All’epoca, Yuval Steinitz, allora presidente della Commissione Affari Esteri e Difesa di Israele, si oppose con fermezza all’accordo, definendolo un “giorno nero” e mettendo in guardia:

“Ci stiamo crogiolando nella gloria. Questa è un’eclissi solare che ha colpito il governo, che sta rinunciando a smilitarizzare il Sinai in cambio di una mescolanza di complimenti e gesti”.

Da allora, il Cairo ha presentato centinaia di richieste per schierare forze e attrezzature aggiuntive nel Sinai, la maggior parte delle quali sono state approvate da Tel Aviv, soprattutto dopo l’episodio di un’insurrezione Takfiri nel 2013. Nel 2018, il New York Times ha rivelato che Israele aveva condotto attacchi aerei all’interno del Sinai su richiesta del Presidente egiziano Abdel Fattah el-Sisi per contrastare l’attività degli insorti.

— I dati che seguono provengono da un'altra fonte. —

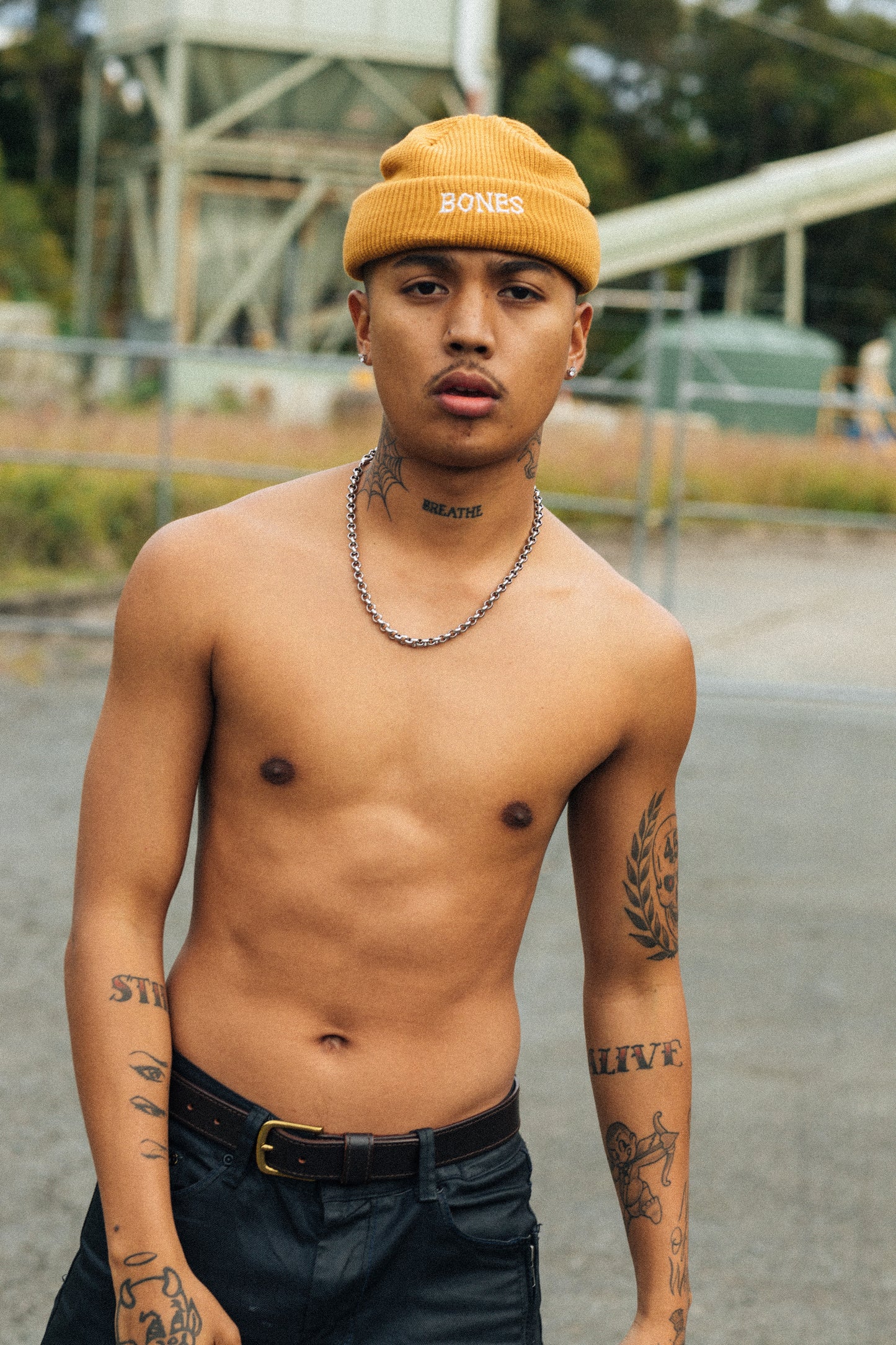 Mustard Bones - Docker knit Beanie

In seguito all’Operazione Onda di Al-Aqsa, le relazioni tra il Cairo e Tel Aviv hanno iniziato a deteriorarsi in modo significativo. Inizialmente, lo Stato di Occupazione aveva proposto che l’Egitto facilitasse la Pulizia Etnica tramite un’espulsione di massa della popolazione di Gaza nel Sinai, creando una zona cuscinetto tra Gaza e la Palestina Occupata. Il Presidente Sisi ha respinto categoricamente il piano, innescando ulteriori tensioni.

All’inizio del 2024, l’Esercito di Occupazione Israeliano aveva intensificato la sua invasione di Gaza, con il Primo Ministro Benjamin Netanyahu che annunciava un assalto a Rafah, la città più a Sud di Gaza. L’Egitto ha rapidamente lanciato avvertimenti contro qualsiasi tentativo di reclamare il Corridoio Filadelfia, un’area di confine che separa l’Egitto e Gaza, sostenendo che tali azioni avrebbero violato il Trattato di Normalizzazione del 1979.

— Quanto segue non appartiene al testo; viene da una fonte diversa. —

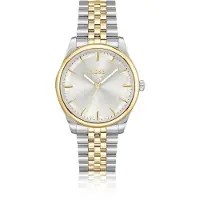 BOSS GRACEFUL Tweekleurig horloge met inzet van parelmoer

In una drammatica recrudescenza il 6 maggio, Israele ha lanciato la sua offensiva di Rafah lo stesso giorno in cui Hamas ha accettato una proposta di cessate il fuoco. Questa offensiva, che includeva la presa del Valico di Rafah e del Corridoio Filadelfia, ha attirato la condanna persino dell’ex Primo Ministro israeliano Ehud Barak, che l’ha descritta come “una palese violazione dell’accordo di pace con l’Egitto”. Nonostante le minacce del Cairo di annullare il Trattato, la risposta principale di Sisi è stata quella di unirsi al caso del Sudafrica presso la Corte Internazionale di Giustizia, accusando Israele di Genocidio a Gaza.

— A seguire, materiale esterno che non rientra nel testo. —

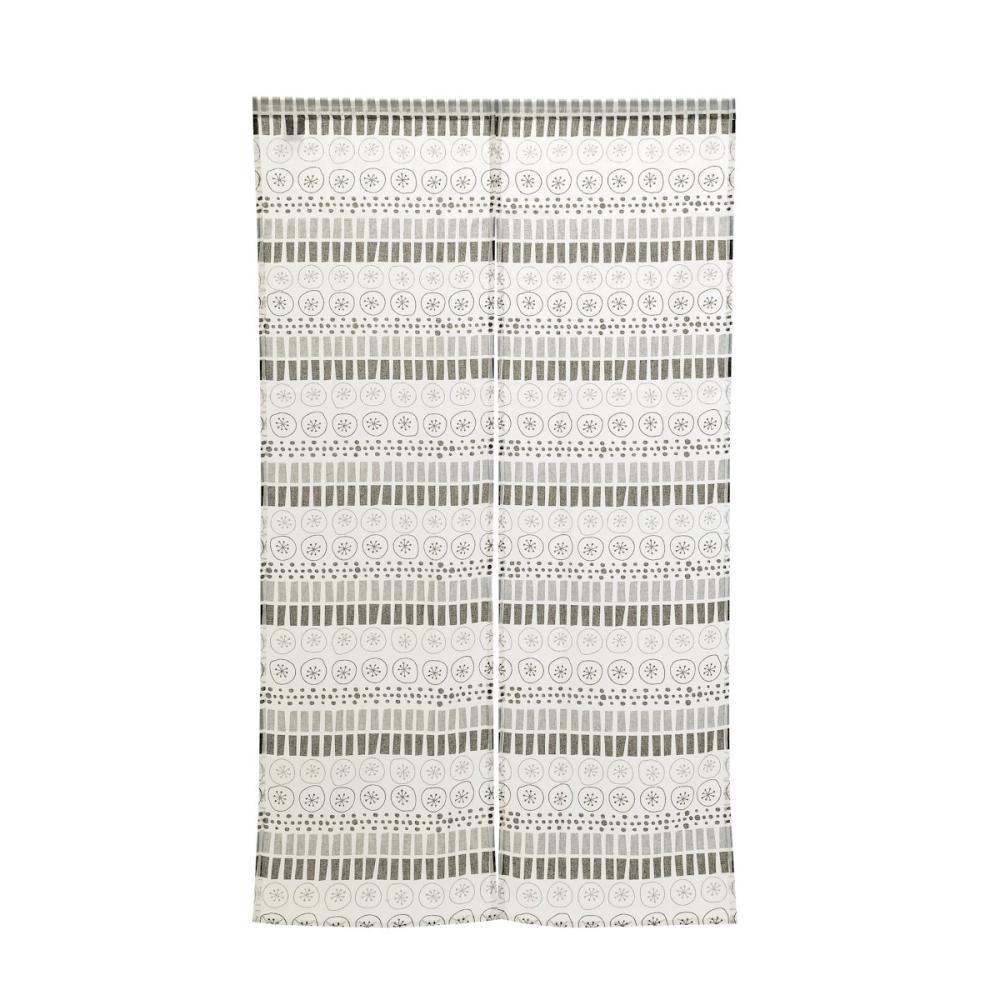 北欧柄のれん　モノトーン　８５×１５０ｃｍ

Quando i carri armati israeliani sono entrati per la prima volta nel Valico di Rafah, hanno profanato l’area e umiliato le guardie egiziane di stanza lì. Più tardi, nello stesso mese, scoppiò uno scontro e i soldati israeliani uccisero un soldato egiziano. Israele lanciò quindi una serie di attacchi aerei a giugno contro obiettivi nella Penisola del Sinai.

La visione sionista per l’espansione in Egitto

L’anno scorso, documenti scoperti negli Archivi Nazionali britannici hanno fatto luce sulla campagna storica di Israele per legittimare la sua rivendicazione sulla Penisola del Sinai. Durante l’Occupazione Israeliana del Sinai dopo la Guerra del 1967, i lobbisti filo-israeliani e i circoli di pensiero in Occidente hanno diffuso narrazioni per delegittimare la sovranità egiziana sulla Regione strategica.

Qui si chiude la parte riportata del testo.